**Stored data**
________________________________________
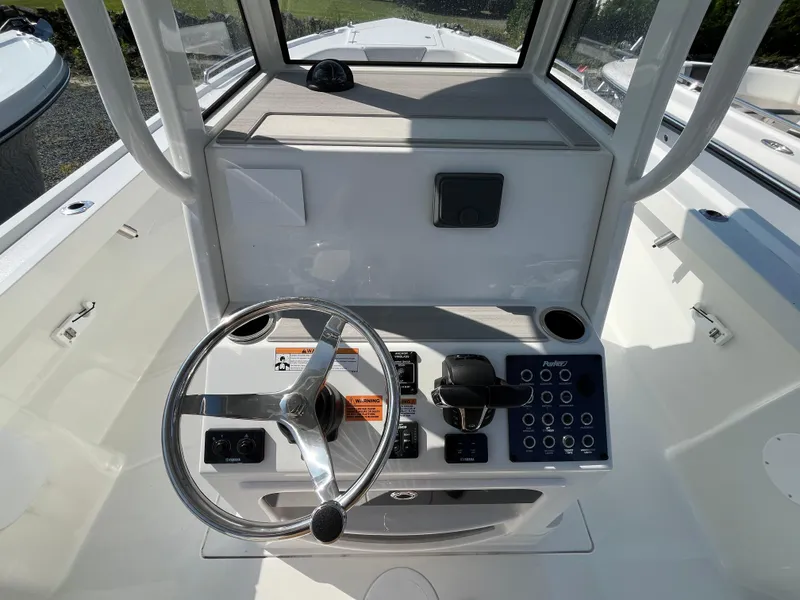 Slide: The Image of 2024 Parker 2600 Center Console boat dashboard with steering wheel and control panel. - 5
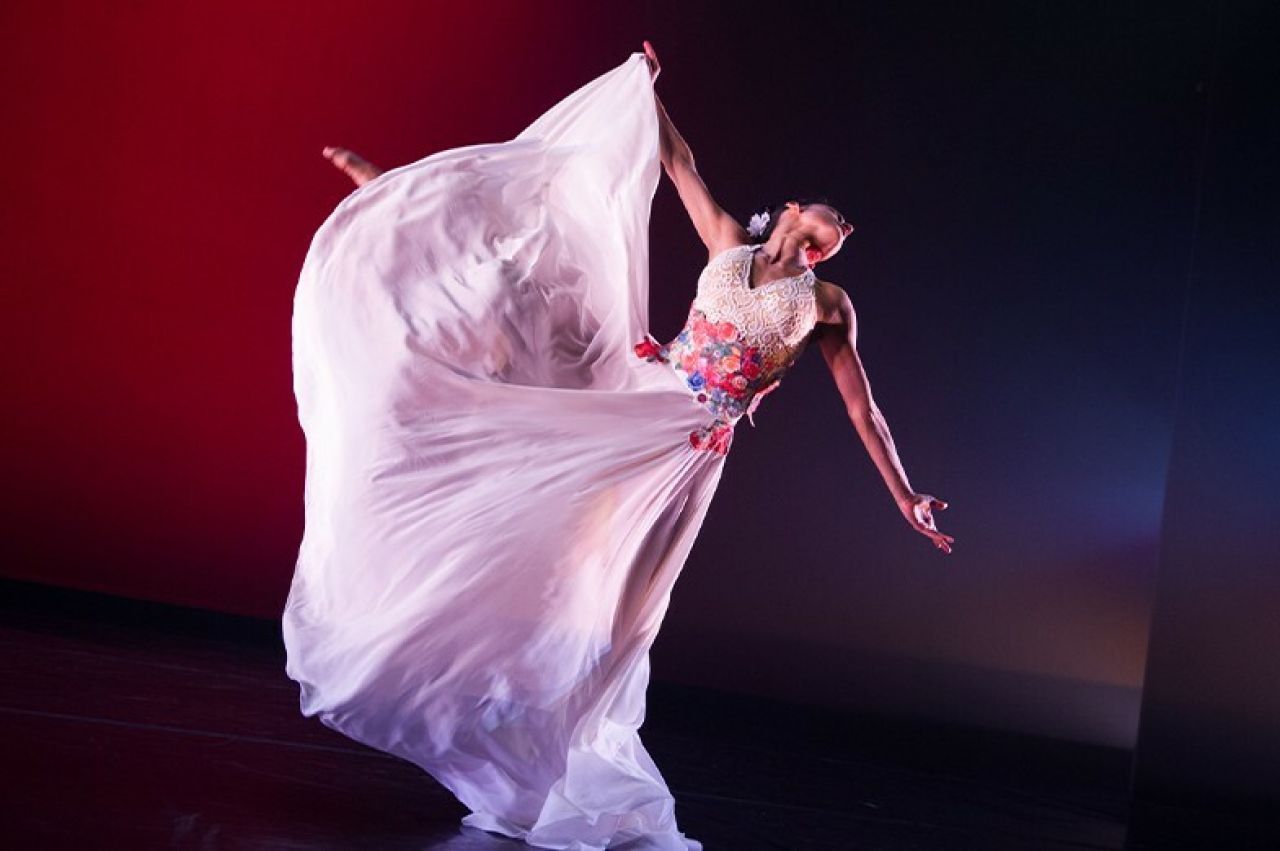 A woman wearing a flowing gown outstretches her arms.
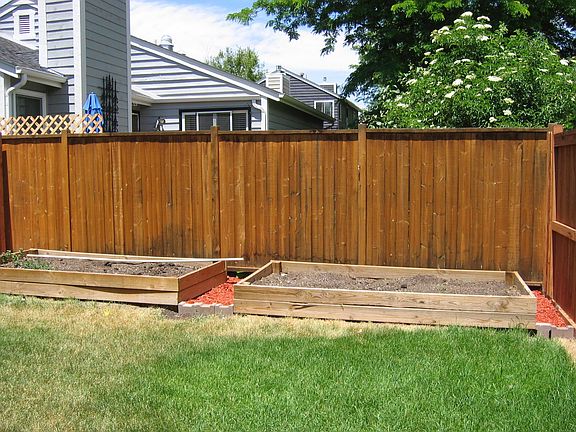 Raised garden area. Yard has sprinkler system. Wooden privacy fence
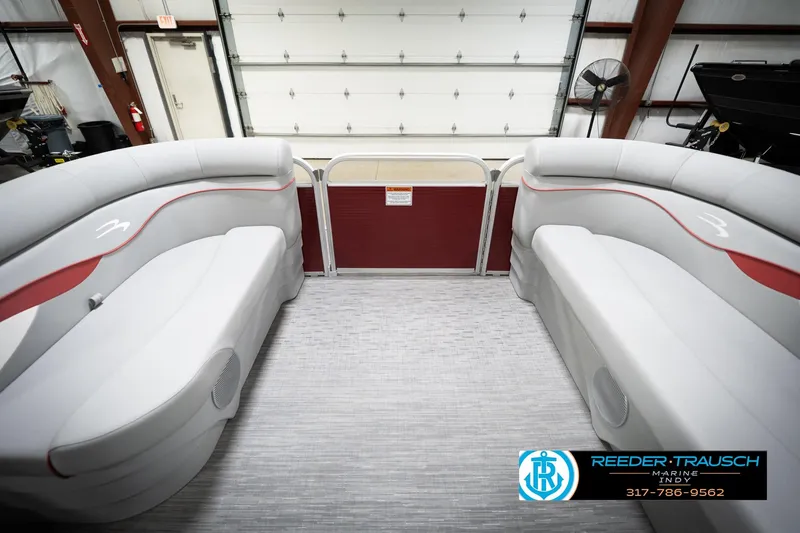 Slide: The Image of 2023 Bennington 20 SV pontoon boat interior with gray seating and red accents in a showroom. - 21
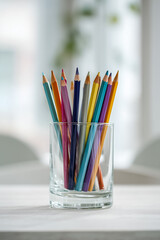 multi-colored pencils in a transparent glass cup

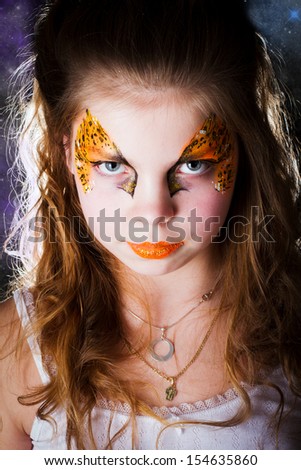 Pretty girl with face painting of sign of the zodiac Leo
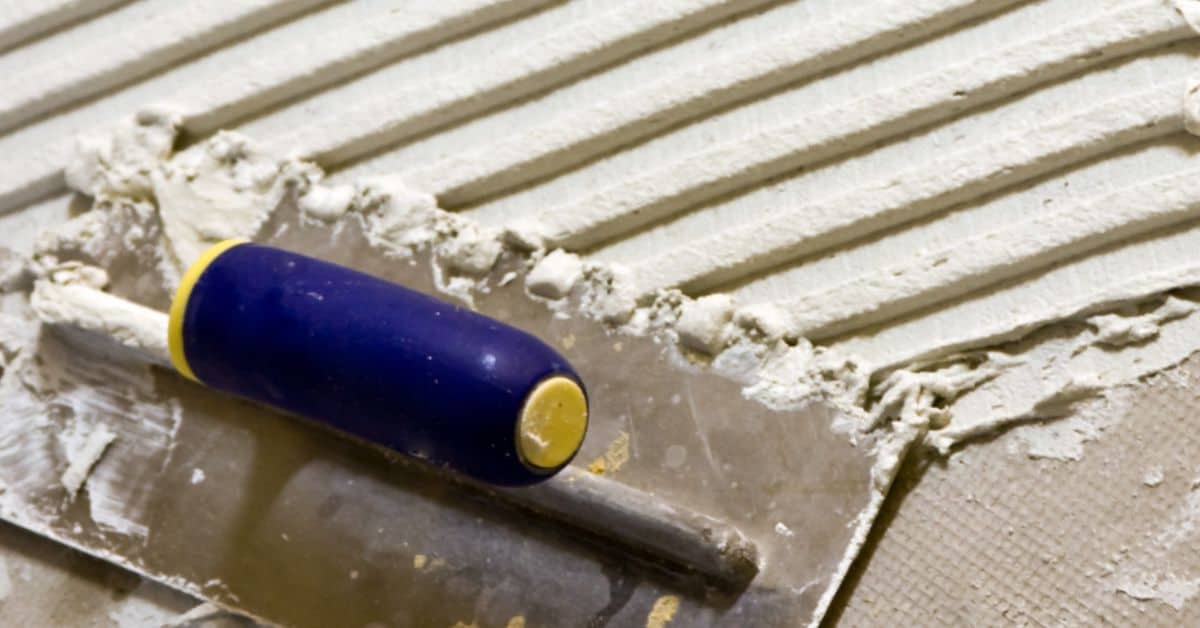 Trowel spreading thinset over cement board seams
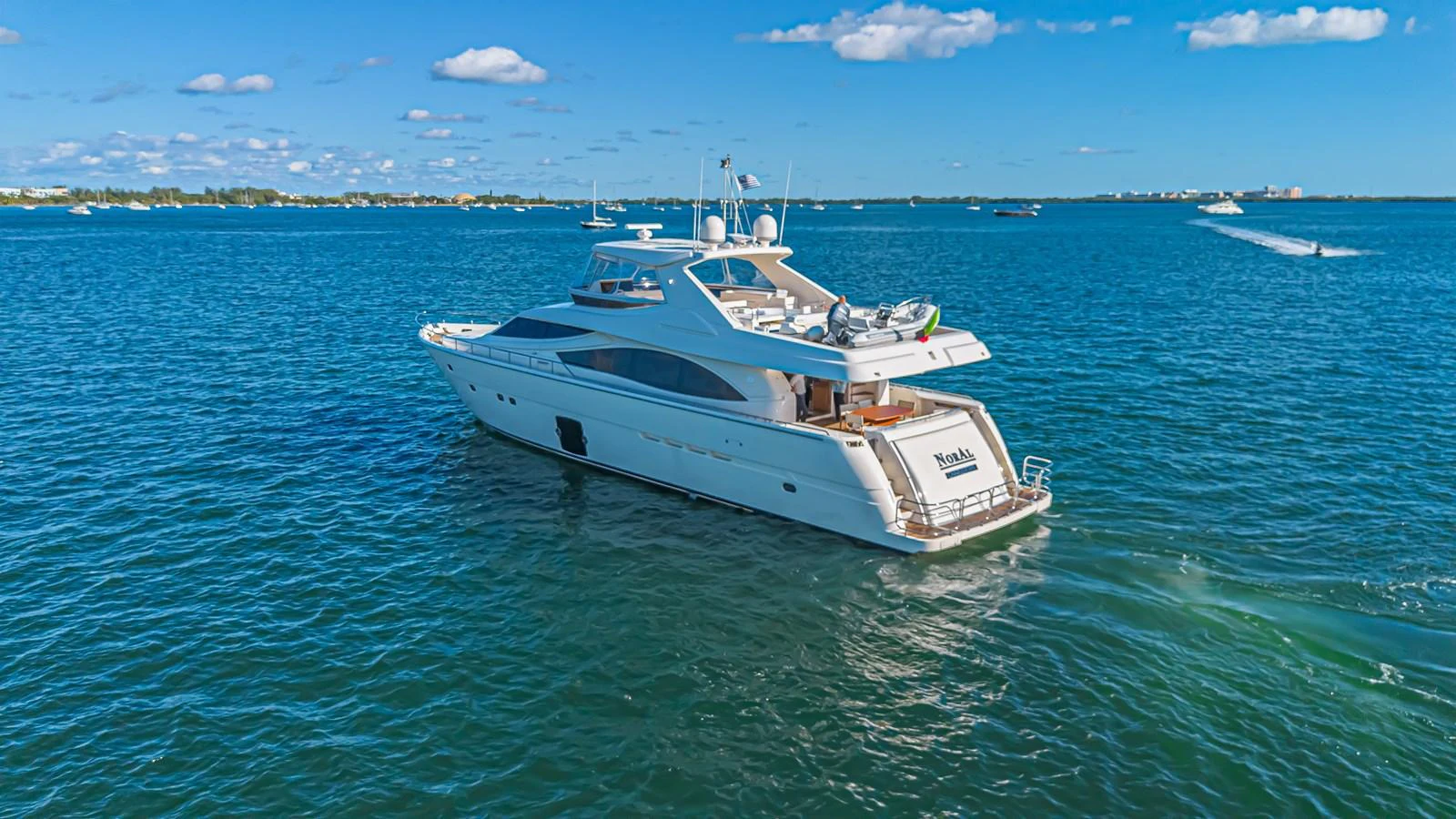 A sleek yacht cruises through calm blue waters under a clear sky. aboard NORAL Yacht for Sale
________________________________________
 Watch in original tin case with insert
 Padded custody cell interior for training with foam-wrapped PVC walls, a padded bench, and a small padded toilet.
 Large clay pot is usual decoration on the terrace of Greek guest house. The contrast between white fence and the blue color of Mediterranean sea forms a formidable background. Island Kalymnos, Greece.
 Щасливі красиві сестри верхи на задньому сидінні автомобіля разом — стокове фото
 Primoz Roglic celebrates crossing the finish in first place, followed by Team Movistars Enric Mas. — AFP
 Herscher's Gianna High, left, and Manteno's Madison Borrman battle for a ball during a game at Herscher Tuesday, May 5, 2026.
________________________________________
**EXERCISE DETAILS**
Please output, exactly as written, the lines above from the one holding "Slide: The Image of 2024" through the one holding "A sleek yacht", both included, with the pictures omitted.

**TASK OUTPUT**
 Slide: The Image of 2024 Parker 2600 Center Console boat dashboard with steering wheel and control panel. - 5
 A woman wearing a flowing gown outstretches her arms.
 Raised garden area. Yard has sprinkler system. Wooden privacy fence
 Slide: The Image of 2023 Bennington 20 SV pontoon boat interior with gray seating and red accents in a showroom. - 21
 multi-colored pencils in a transparent glass cup

 Pretty girl with face painting of sign of the zodiac Leo
 Trowel spreading thinset over cement board seams
 A sleek yacht cruises through calm blue waters under a clear sky. aboard NORAL Yacht for Sale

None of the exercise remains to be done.